This analysis of the films of P. T. Anderson is “a case study of how even the most self-determined directors are always borne aloft by cultural events” (Cineaste).
From his film festival debut Hard Eight to ambitious studio epics Boogie Nights, Magnolia, and There Will Be Blood, Paul Thomas Anderson’s unique cinematic vision focuses on postmodern excess and media culture. In Blossoms and Blood, Jason Sperb studies the filmmaker’s evolving aesthetic and its historical context to argue that Anderson’s films create new, often ambivalent, narratives of American identity in a media-saturated world.
Blossoms and Blood explores Anderson’s films in relation to the aesthetic and economic shifts within the film industry and to America’s changing social and political sensibilities since the mid-1990s. Sperb provides an auteur study with important implications for film history, media studies, cultural studies, and gender studies. He charts major themes in Anderson’s work, such as stardom, self-reflexivity, and masculinity and shows how they are indicative of trends in late twentieth-century American culture. One of the first books to focus on Anderson’s work, Blossoms and Blood reveals the development of an under-studied filmmaker attuned to the contradictions of a postmodern media culture.

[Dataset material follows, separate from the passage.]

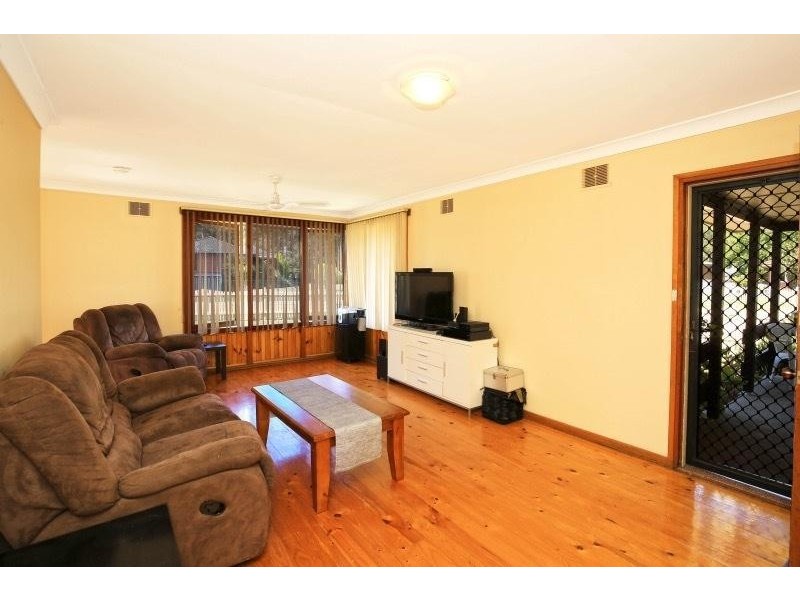 4 Vendetta Street, Nowra NSW 2541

“Jason Sperb is not a fan of Paul Thomas Anderson. He’s something much better—an intelligent critic trying to discern what’s valuable and what’s not in Anderson’s body of cinematic work.” ―Milwaukee Express
“Sperb has complete mastery of the critical and industrial histories of the films.” —Choice
Jason Sperb is a lecturer in the Department of Radio/Television/Film at Northwestern University in Evanston, Illinois.